▶ _Web page caption snippets_
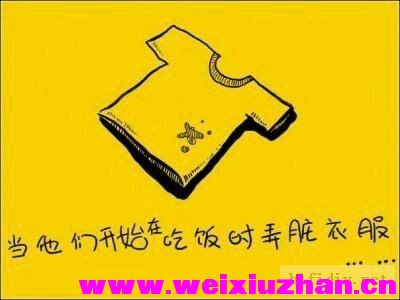 鑰佸幓鐨勫皬鏃跺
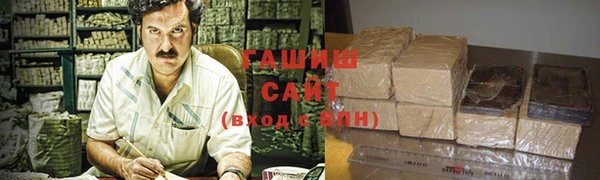 круглые Няндома
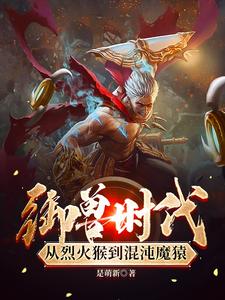 最弱御兽?反手进化神话品质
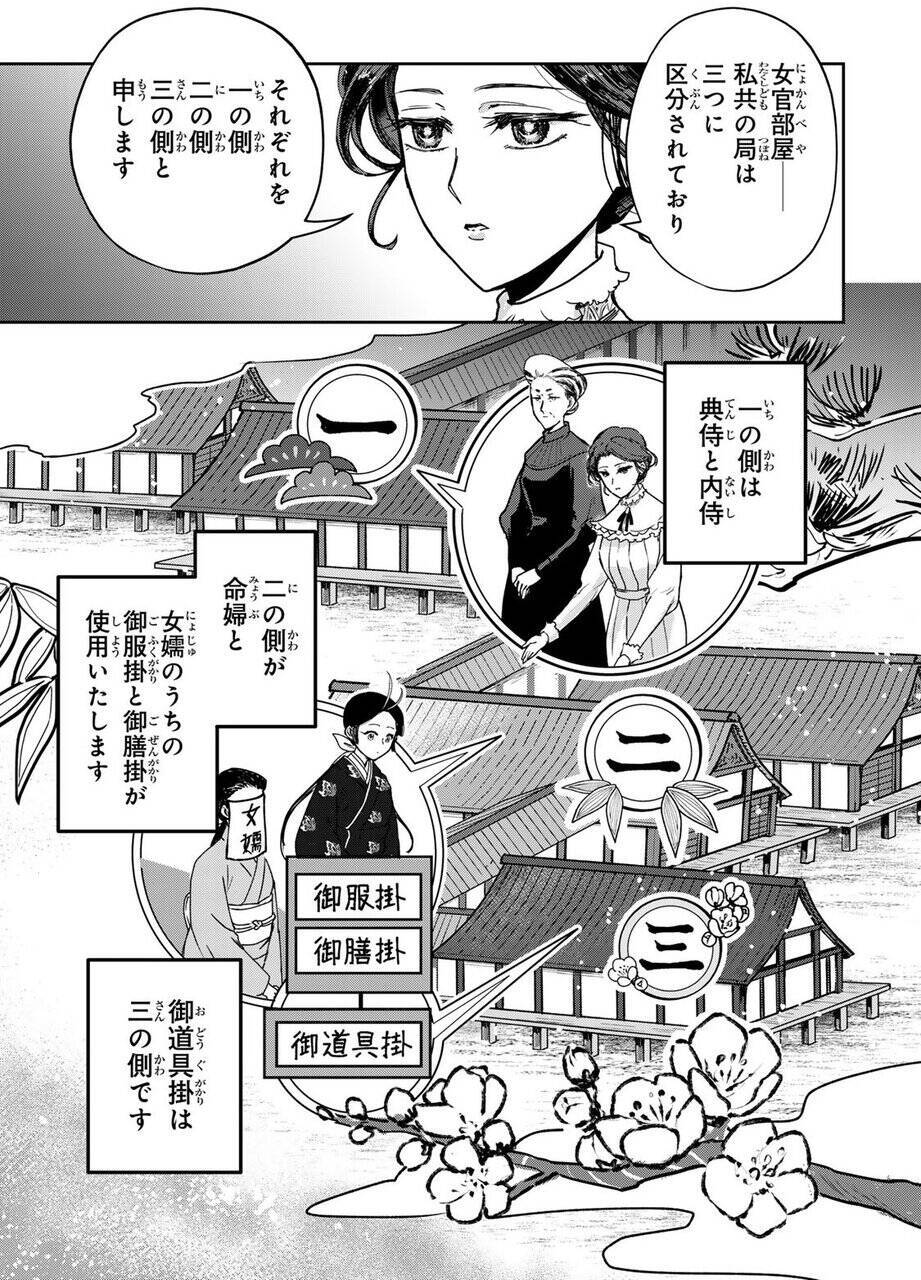 望まぬ縁談回避で宮中女官に──。自らの運命を切り開いていく『帝室宮殿の見習い女官』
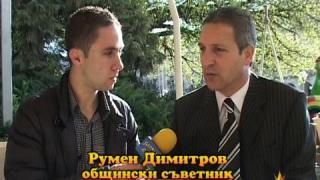 Експеримент с паркиране 2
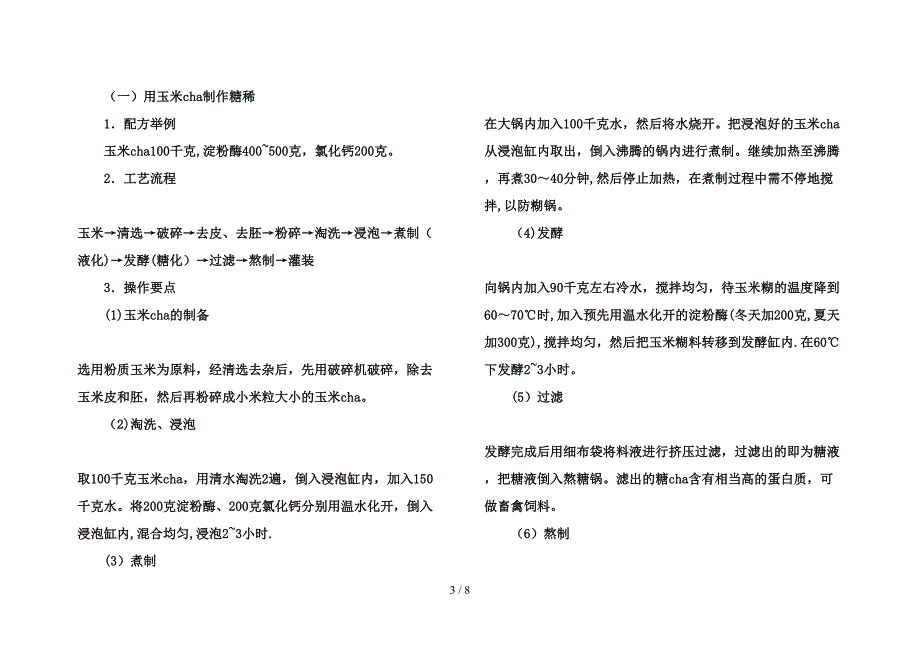 玉米糖稀多色高产制作工艺_第3页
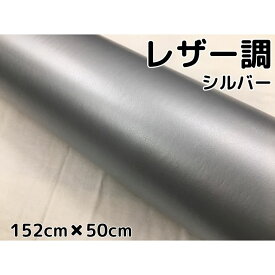 カーラッピングシート レザー調 152cm×50cm シルバー 銀色 革調 耐熱耐水曲面対応裏溝付 カッティングシート 内装パネルなどに 伸縮裏溝付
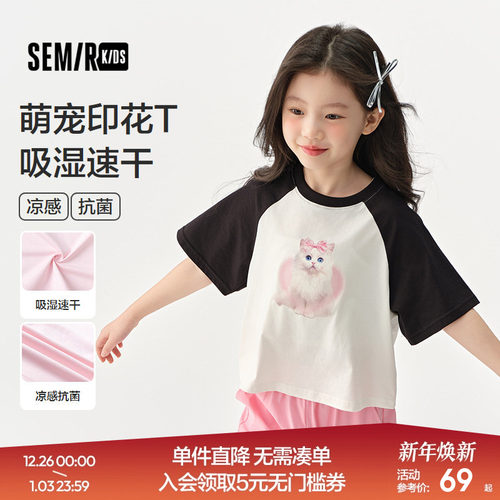 美式印花T恤，吸湿速干凉感抗菌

▶ _BRIEF_
Repeat word for word the lines beginning at the one with "круглые Няндома" and ending at the final line of the records above, both included, and no others. Leave the pictures out.

▶ _RESULT OF THIS TASK_
 круглые Няндома
 最弱御兽?反手进化神话品质
 望まぬ縁談回避で宮中女官に──。自らの運命を切り開いていく『帝室宮殿の見習い女官』
 Експеримент с паркиране 2
 玉米糖稀多色高产制作工艺_第3页
 カーラッピングシート レザー調 152cm×50cm シルバー 銀色 革調 耐熱耐水曲面対応裏溝付 カッティングシート 内装パネルなどに 伸縮裏溝付
 美式印花T恤，吸湿速干凉感抗菌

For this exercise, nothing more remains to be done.